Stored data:

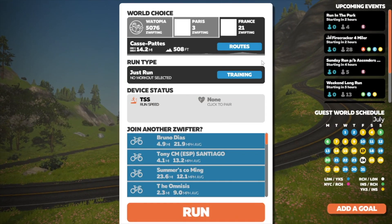Imminently, Zwift are releasing two new routes — Paris and France — or you could call them worlds. To many of us Paris is the capital of France, but to Zwift they are two different places — much like how some people in America think Wales is part of England.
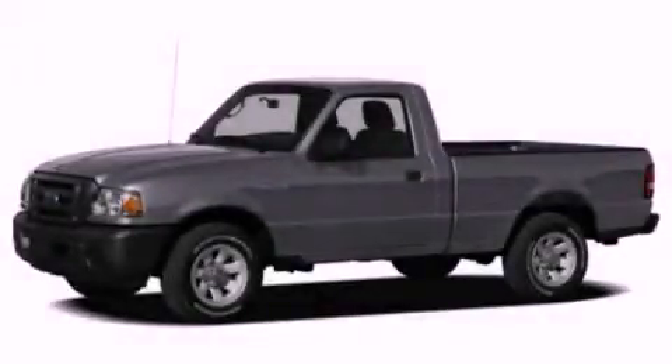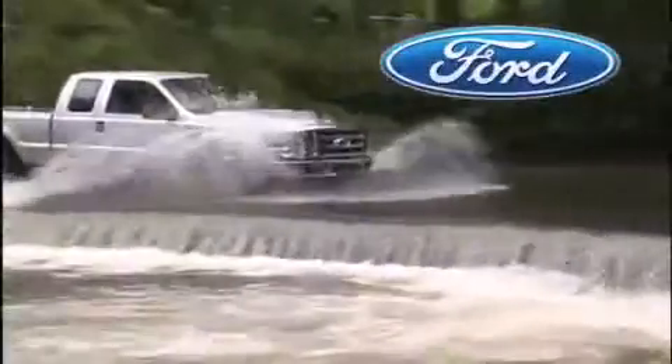Stop by today and test drive this vehicle for yourself. Orchid Al Ford is dedicated to making your shopping experience as pleasurable as possible.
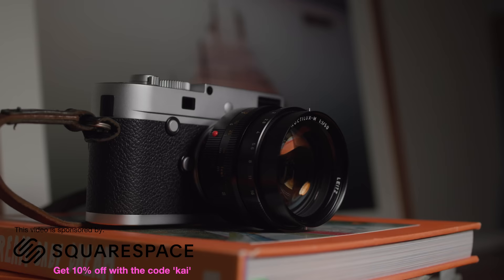The Leica Noctilux. If you have some rudimentary knowledge of Latin, or some expert knowledge of Google Translate, you'll know that in English it roughly translates to 'night light' — not the thing in your kid's bedroom. It also means the bloody expensive one with a really large aperture.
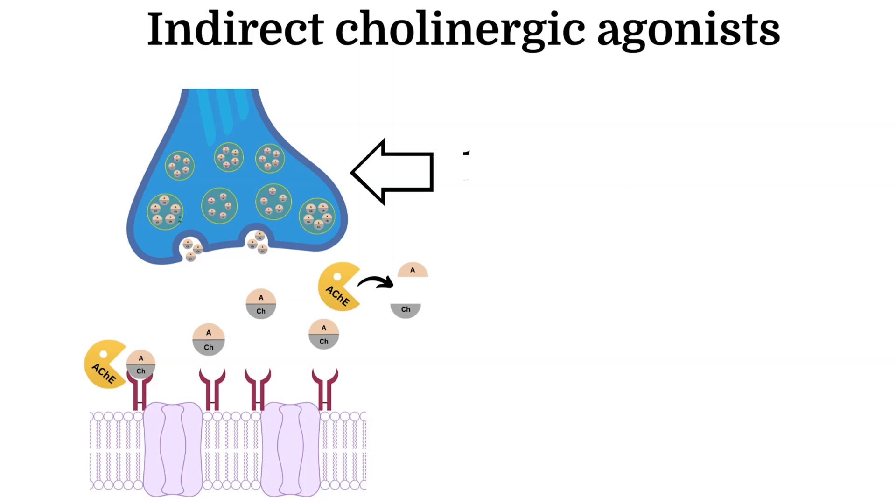Let's refresh our understanding of the physiology of cholinergic nerve transmission. Step one: an action potential propagates down the neuron to the axon terminal, which will result in the release of the neurotransmitter acetylcholine, or ACH. Step two: ACH crosses the synaptic cleft and binds to cholinergic receptors, activating the effector organ, such as skeletal muscle or postsynaptic neuron.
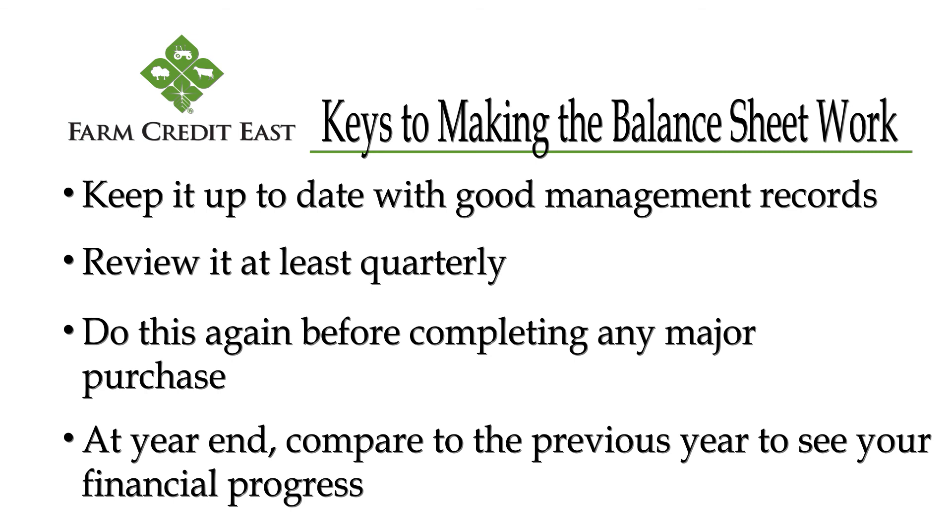At year end, compare it to the previous year to see your financial progress. Thank you so much for watching, and be sure to check out the rest of the video series on farm financial management records.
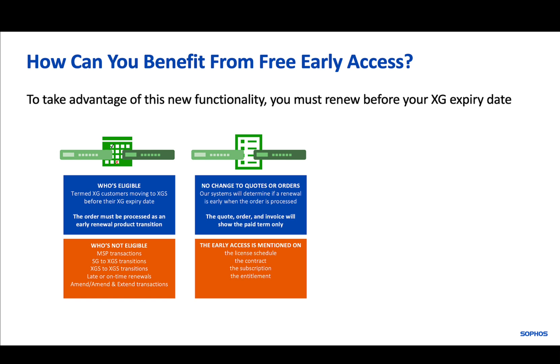This incentive is also not available for other transitions such as SG to XGS and XGS to XGS, and it will not be granted for late or on-time renewals or amend and extend transactions.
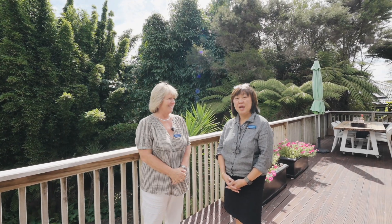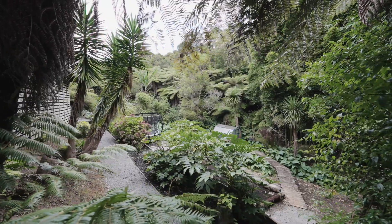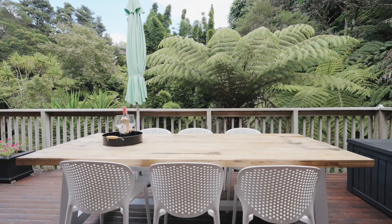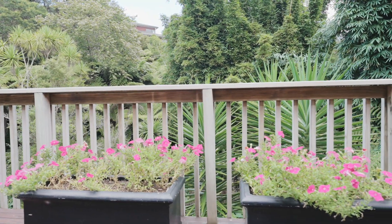Unsworth Heights for a change! We certainly are, and this is like a little hidden gem in Unsworth Heights. More than a thousand square meters is the section. We're at number seven Springwater Vale in Unsworth Heights. I'm Sarah and I'm Annie. We are both really surprised to find this hidden gem — I didn't even know this existed here, so when you look at the video you'll really appreciate it. It really is quite special.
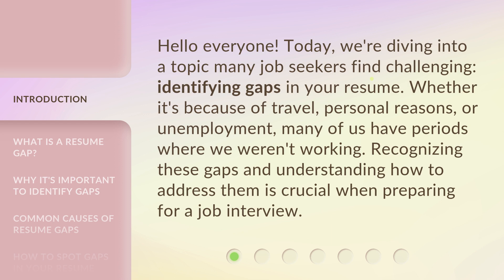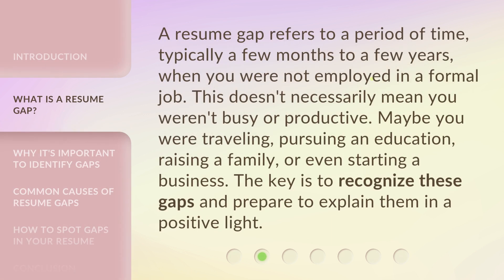Whether it's because of travel, personal reasons, or unemployment, many of us have periods where we weren't working. Recognizing these gaps and understanding how to address them is crucial when preparing for a job interview. A resume gap refers to a period of time, typically a few months to a few years, when you were not employed in a formal job. This doesn't necessarily mean you weren't busy or productive. Maybe you were traveling, pursuing an education, raising a family, or even starting a business. The key is to recognize these gaps and prepare to explain them in a positive light.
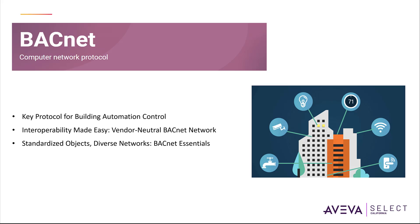In terms of networks, it is important to know that BACnet operates over different network types including Ethernet, RS485 and IP-based networks.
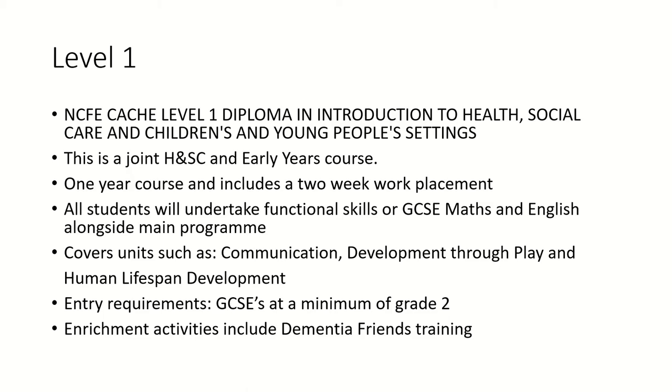We have a range of courses, and our level one course is a joint health and social care and early years course. Within that course you do two weeks of work experience and the course itself lasts for a year. All students will undertake either functional skills or GCSE Maths and English, depending on the grade you already have. You will cover all different aspects of healthcare and childcare including areas such as communication, development through play, and human lifespan development. The entry requirement is a minimum GCSE grade 2, and an example of an enrichment activity on this course is your dementia friends training.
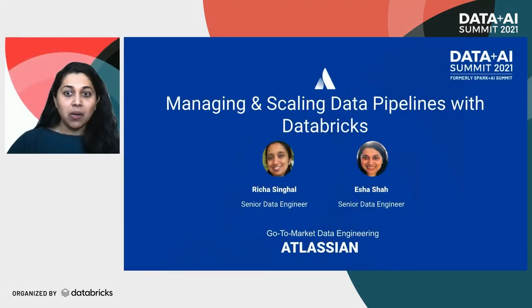A little bit about our team: we enable marketing and sales teams to drive company growth and strategic business priorities by democratizing the data. The main focus of our session is to share how Databricks has helped us scale. We'll start with who we are, followed by a glimpse of the challenges we faced a few years ago, and then walk you through how we use Databricks.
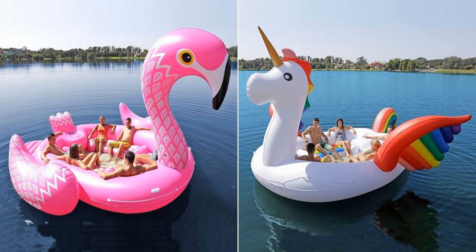According to the description online, no day on the lake is complete without resting by the gentle tail feathers of a towering inflatable peacock.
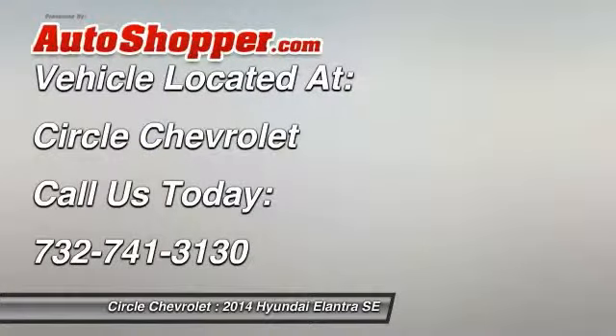A vehicle like this doesn't come along every day. Come in and get it before someone else does.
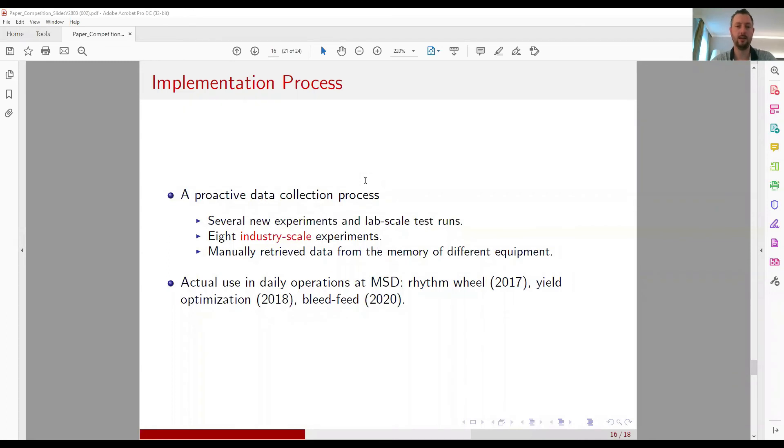We had a proactive data collection process, conducting several new experiments at lab scale and eight industry-scale experiments. We also worked with manual processes to retrieve data from process lines and equipment. Most tools have now been implemented in daily operations: the rhythm wheel since 2017, the yield optimization dashboard since 2018, and the bleed feed since 2020.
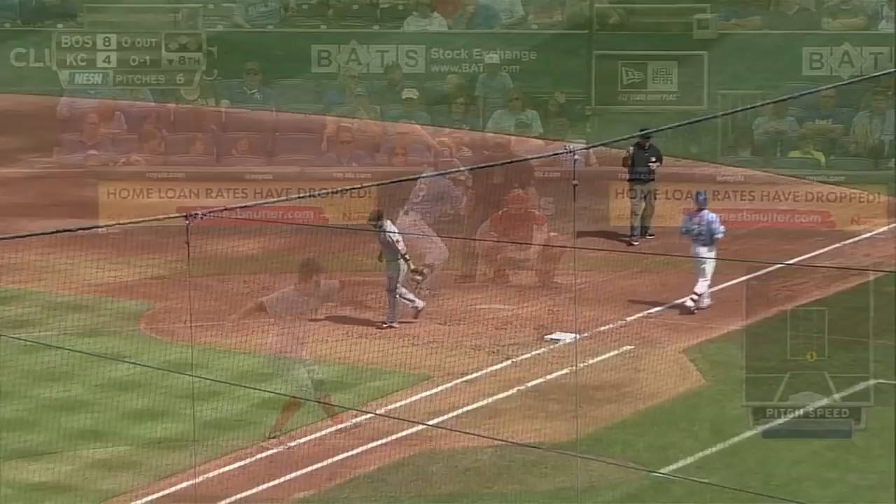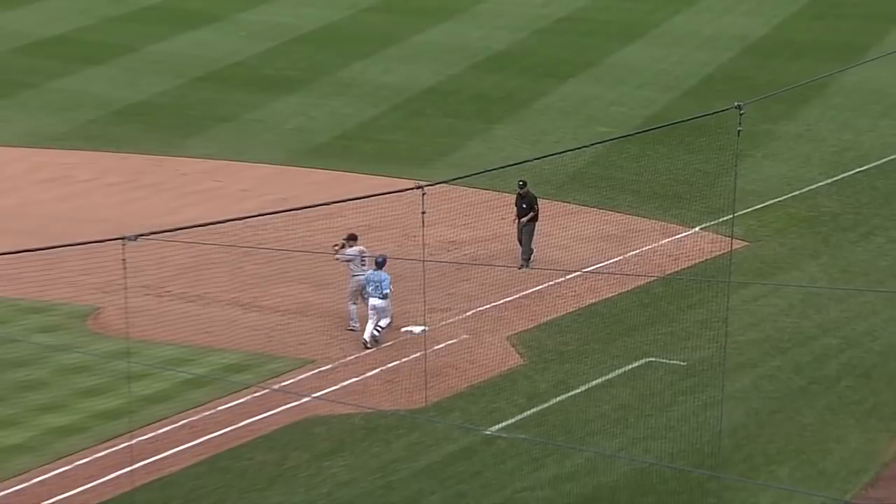The 1-0 is chopped towards second base. Betts will go to first and that will end the inning. Chops it off the plate out towards second base. Mookie Betts throws out Yoki for the first out of the eighth inning.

WHAT THE EXERCISE ASKS: What is needed here is an exact transcript of the data above, pictures excluded.

ANSWER FOR THE TASK:
Imminently, Zwift are releasing two new routes — Paris and France — or you could call them worlds. To many of us Paris is the capital of France, but to Zwift they are two different places — much like how some people in America think Wales is part of England.
Stop by today and test drive this vehicle for yourself. Orchid Al Ford is dedicated to making your shopping experience as pleasurable as possible.
The Leica Noctilux. If you have some rudimentary knowledge of Latin, or some expert knowledge of Google Translate, you'll know that in English it roughly translates to 'night light' — not the thing in your kid's bedroom. It also means the bloody expensive one with a really large aperture.
Let's refresh our understanding of the physiology of cholinergic nerve transmission. Step one: an action potential propagates down the neuron to the axon terminal, which will result in the release of the neurotransmitter acetylcholine, or ACH. Step two: ACH crosses the synaptic cleft and binds to cholinergic receptors, activating the effector organ, such as skeletal muscle or postsynaptic neuron.
At year end, compare it to the previous year to see your financial progress. Thank you so much for watching, and be sure to check out the rest of the video series on farm financial management records.
This incentive is also not available for other transitions such as SG to XGS and XGS to XGS, and it will not be granted for late or on-time renewals or amend and extend transactions.
Unsworth Heights for a change! We certainly are, and this is like a little hidden gem in Unsworth Heights. More than a thousand square meters is the section. We're at number seven Springwater Vale in Unsworth Heights. I'm Sarah and I'm Annie. We are both really surprised to find this hidden gem — I didn't even know this existed here, so when you look at the video you'll really appreciate it. It really is quite special.
Whether it's because of travel, personal reasons, or unemployment, many of us have periods where we weren't working. Recognizing these gaps and understanding how to address them is crucial when preparing for a job interview. A resume gap refers to a period of time, typically a few months to a few years, when you were not employed in a formal job. This doesn't necessarily mean you weren't busy or productive. Maybe you were traveling, pursuing an education, raising a family, or even starting a business. The key is to recognize these gaps and prepare to explain them in a positive light.
In terms of networks, it is important to know that BACnet operates over different network types including Ethernet, RS485 and IP-based networks.
We have a range of courses, and our level one course is a joint health and social care and early years course. Within that course you do two weeks of work experience and the course itself lasts for a year. All students will undertake either functional skills or GCSE Maths and English, depending on the grade you already have. You will cover all different aspects of healthcare and childcare including areas such as communication, development through play, and human lifespan development. The entry requirement is a minimum GCSE grade 2, and an example of an enrichment activity on this course is your dementia friends training.
A little bit about our team: we enable marketing and sales teams to drive company growth and strategic business priorities by democratizing the data. The main focus of our session is to share how Databricks has helped us scale. We'll start with who we are, followed by a glimpse of the challenges we faced a few years ago, and then walk you through how we use Databricks.
According to the description online, no day on the lake is complete without resting by the gentle tail feathers of a towering inflatable peacock.
A vehicle like this doesn't come along every day. Come in and get it before someone else does.
We had a proactive data collection process, conducting several new experiments at lab scale and eight industry-scale experiments. We also worked with manual processes to retrieve data from process lines and equipment. Most tools have now been implemented in daily operations: the rhythm wheel since 2017, the yield optimization dashboard since 2018, and the bleed feed since 2020.
The 1-0 is chopped towards second base. Betts will go to first and that will end the inning. Chops it off the plate out towards second base. Mookie Betts throws out Yoki for the first out of the eighth inning.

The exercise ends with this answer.